Болели бедра, болели все внутренности, будто кто-то медленно и систематически вытягивал из них жилы. А теперь вдобавок еще пришла та. Олена слыхала о ней, знала, кто это. И вот она сидит тут, глаза круглые, как пуговицы. Она сняла меховую шапочку и заправляет рукой волосы за ухо. Утомленные глаза женщины поймали блеск стеклышка в серьге и остановились на нем. Стеклышко сверкало, мелькал крохотный огонек, потом снова начинала клубиться тьма, и из ее кружащихся волн пробивался только этот острый лучик. Олена зашаталась, но сжала кулаки и снова выпрямилась. Нет, нет. Только не упасть, не упасть здесь, на глазах у этой потаскухи, что продала своих и пошла в офицерскую постель, а теперь сидит в мехах, поблескивает серьгами и с улыбкой на губах смотрит на беременную женщину, пытаемую немецким офицером, как на зрелище.

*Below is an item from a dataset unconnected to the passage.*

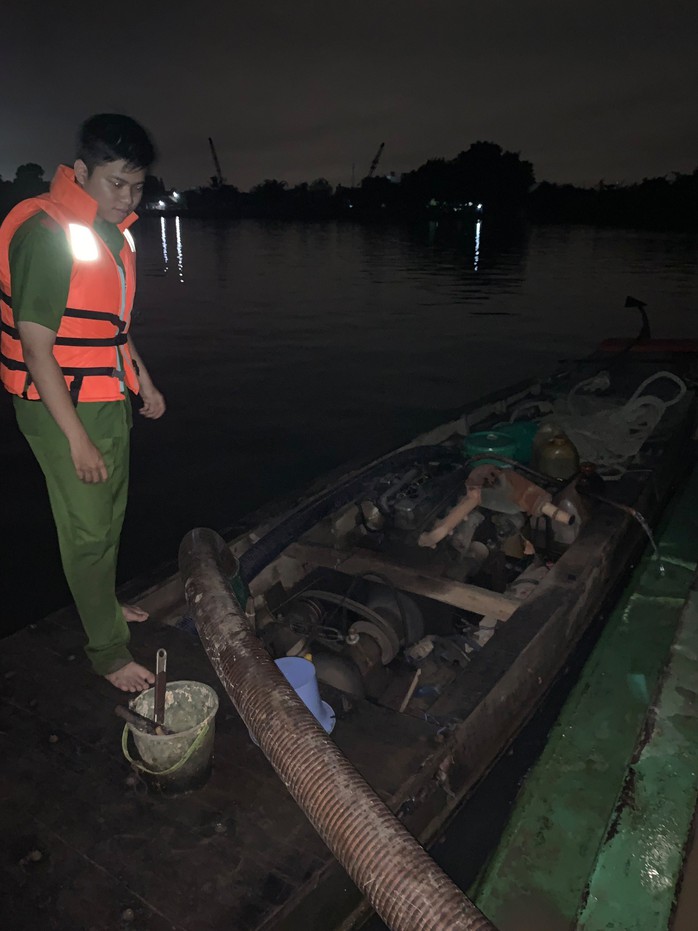 CSGT nổ súng bắt hai cát tặc âm mưu nhấn chìm sà lan trên sông Đồng Nai - Ảnh 3.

— Ведь ты же мать, — сказал Курт, и Олена, у которой уже мутилось в голове, ухватилась за это слово, как за доску спасения. Ну, конечно, она же мать. Нет, немецкому офицеру и в голову не пришло, что он ей помог, помог как раз в тот момент, когда под ней колебалась земля, страшная слабость охватила тело и все вокруг смешалось в клубящийся хаос.
— Ты же мать.
Кто это сказал? Немецкий офицер за столом или Кудрявый, веселый рябой парень там в лесу, командир отряда?
— Ты же мат.
Она думала не о том ребенке, которого носила под сердцем, который отнимал дыхание у ее легких, не давал ей выпрямиться. Она думала о тех в лесу, о всех тех, что называли ее матерью. Она была старше всех, намного, намного старше. И она ходила в разведку, взорвала мост, но, собственно, основной своей задачей считала не это. Она стирала, готовила, ухаживала за ребятами, о которых ведь некому было позаботиться. Лечила больных, перевязывала раненых, чинила изорванную одежду. Как это делает обычно мать. Они и называли ее матерью.
— Ты же мать…
Она восприняла эти слова, как призыв тех, чья жизнь теперь зависела от одного ее слова. Как напоминание о долге по отношению к ним. Как их голос, доносящийся издали.
— Где скрывается отряд?
Она помнила каждую тропинку, каждый куст, каждое дерево в лесной чаще. В памяти ясно возникла дорога, о которой спрашивал офицер. Она даже испугалась, что водянистые глаза в каемке светлых ресниц могут увидеть, проследить в ее мыслях эту дорогу. Скорей, скорей думать о другом — о своей избе, о речке, о соседских домах. Но в памяти упрямо возникала тропинка и шалаши над елями, и веселое лицо Кудрявого, рябое, смешное лицо. Шестнадцать парней — и она, мать. Да, там, в лесной чаще было шестнадцать ее сынов; шестнадцать отважных, неустрашимых сыновей. Сыновей батрачки, что долго ждала, пока дождалась своего счастья, счастья свободного человека, не знающего плетки господского приказчика.